### WHAT IS NEEDED
Given the entries that follow, write out exactly the lines starting at the one containing "Immunofluorescent analysis of" and ending at the one containing "OPRM1 / Mu Opioid", both ends included, and only those.

Short descriptive text snippets
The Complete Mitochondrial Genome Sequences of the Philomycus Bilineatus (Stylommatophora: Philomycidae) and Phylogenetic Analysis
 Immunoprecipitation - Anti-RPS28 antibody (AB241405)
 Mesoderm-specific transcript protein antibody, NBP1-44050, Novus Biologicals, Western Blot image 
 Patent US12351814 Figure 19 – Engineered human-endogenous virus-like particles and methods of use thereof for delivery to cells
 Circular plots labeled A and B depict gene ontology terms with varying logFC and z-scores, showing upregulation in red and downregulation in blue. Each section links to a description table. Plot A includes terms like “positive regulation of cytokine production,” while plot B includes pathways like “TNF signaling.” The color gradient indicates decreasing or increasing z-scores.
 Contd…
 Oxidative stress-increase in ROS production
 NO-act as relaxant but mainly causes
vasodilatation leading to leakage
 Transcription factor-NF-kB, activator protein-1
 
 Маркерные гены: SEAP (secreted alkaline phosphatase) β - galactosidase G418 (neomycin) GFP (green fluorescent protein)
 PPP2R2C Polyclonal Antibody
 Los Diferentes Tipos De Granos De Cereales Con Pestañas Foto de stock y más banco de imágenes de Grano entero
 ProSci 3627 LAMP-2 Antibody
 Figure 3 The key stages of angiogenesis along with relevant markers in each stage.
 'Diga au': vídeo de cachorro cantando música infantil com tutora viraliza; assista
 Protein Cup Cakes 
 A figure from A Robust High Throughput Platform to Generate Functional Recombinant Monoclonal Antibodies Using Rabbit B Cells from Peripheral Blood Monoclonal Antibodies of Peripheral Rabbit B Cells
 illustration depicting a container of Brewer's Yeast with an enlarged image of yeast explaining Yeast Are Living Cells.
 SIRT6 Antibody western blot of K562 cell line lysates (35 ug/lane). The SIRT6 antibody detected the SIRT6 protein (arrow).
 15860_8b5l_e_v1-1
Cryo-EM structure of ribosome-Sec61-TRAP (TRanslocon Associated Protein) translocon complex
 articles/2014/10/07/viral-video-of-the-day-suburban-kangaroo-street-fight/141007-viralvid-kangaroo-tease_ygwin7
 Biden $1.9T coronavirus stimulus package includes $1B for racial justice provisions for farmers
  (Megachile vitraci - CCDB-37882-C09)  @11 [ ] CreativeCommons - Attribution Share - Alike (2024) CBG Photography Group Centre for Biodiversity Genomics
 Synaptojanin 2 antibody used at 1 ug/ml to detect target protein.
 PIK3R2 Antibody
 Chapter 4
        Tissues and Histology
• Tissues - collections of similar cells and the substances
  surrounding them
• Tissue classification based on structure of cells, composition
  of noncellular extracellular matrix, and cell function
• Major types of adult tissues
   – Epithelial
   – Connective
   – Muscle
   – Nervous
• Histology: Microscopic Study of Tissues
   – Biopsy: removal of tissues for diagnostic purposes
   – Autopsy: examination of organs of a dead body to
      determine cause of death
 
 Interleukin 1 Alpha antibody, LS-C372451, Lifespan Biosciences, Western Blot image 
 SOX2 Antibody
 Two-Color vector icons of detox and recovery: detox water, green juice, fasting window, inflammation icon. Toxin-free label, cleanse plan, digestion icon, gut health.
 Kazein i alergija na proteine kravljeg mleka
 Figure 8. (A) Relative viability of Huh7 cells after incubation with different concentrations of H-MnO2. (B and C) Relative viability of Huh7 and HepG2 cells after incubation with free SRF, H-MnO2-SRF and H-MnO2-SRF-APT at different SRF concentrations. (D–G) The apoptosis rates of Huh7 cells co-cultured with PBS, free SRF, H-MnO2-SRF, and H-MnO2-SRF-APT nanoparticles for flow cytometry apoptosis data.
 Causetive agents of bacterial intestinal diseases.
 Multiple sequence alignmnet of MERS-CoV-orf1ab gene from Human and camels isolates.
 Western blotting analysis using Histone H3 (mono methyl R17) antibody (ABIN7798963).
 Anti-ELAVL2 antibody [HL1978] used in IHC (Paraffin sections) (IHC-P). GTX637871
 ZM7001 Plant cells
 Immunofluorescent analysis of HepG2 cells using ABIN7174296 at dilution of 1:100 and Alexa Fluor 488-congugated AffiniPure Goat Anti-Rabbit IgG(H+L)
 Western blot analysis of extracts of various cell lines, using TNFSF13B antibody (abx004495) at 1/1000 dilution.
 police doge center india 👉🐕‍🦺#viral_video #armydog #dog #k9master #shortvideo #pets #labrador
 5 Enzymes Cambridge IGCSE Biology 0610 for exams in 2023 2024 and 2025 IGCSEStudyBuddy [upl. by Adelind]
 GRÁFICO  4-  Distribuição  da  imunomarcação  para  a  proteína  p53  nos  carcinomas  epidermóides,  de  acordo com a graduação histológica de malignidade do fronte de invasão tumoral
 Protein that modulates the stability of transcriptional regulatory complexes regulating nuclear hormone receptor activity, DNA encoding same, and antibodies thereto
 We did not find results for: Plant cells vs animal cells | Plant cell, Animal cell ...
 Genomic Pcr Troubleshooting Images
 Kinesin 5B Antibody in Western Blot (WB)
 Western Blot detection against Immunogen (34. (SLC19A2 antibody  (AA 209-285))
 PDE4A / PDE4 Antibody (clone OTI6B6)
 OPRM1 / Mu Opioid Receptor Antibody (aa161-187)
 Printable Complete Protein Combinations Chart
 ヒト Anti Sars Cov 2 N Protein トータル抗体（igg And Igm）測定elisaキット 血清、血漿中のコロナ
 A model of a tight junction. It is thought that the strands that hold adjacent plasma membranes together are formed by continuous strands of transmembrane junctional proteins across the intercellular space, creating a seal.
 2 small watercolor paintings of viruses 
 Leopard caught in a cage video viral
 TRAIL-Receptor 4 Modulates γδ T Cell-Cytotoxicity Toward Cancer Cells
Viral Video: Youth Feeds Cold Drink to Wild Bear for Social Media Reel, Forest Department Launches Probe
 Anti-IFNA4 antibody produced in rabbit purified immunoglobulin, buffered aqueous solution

### TASK SOLUTION
 Immunofluorescent analysis of HepG2 cells using ABIN7174296 at dilution of 1:100 and Alexa Fluor 488-congugated AffiniPure Goat Anti-Rabbit IgG(H+L)
 Western blot analysis of extracts of various cell lines, using TNFSF13B antibody (abx004495) at 1/1000 dilution.
 police doge center india 👉🐕‍🦺#viral_video #armydog #dog #k9master #shortvideo #pets #labrador
 5 Enzymes Cambridge IGCSE Biology 0610 for exams in 2023 2024 and 2025 IGCSEStudyBuddy [upl. by Adelind]
 GRÁFICO  4-  Distribuição  da  imunomarcação  para  a  proteína  p53  nos  carcinomas  epidermóides,  de  acordo com a graduação histológica de malignidade do fronte de invasão tumoral
 Protein that modulates the stability of transcriptional regulatory complexes regulating nuclear hormone receptor activity, DNA encoding same, and antibodies thereto
 We did not find results for: Plant cells vs animal cells | Plant cell, Animal cell ...
 Genomic Pcr Troubleshooting Images
 Kinesin 5B Antibody in Western Blot (WB)
 Western Blot detection against Immunogen (34. (SLC19A2 antibody  (AA 209-285))
 PDE4A / PDE4 Antibody (clone OTI6B6)
 OPRM1 / Mu Opioid Receptor Antibody (aa161-187)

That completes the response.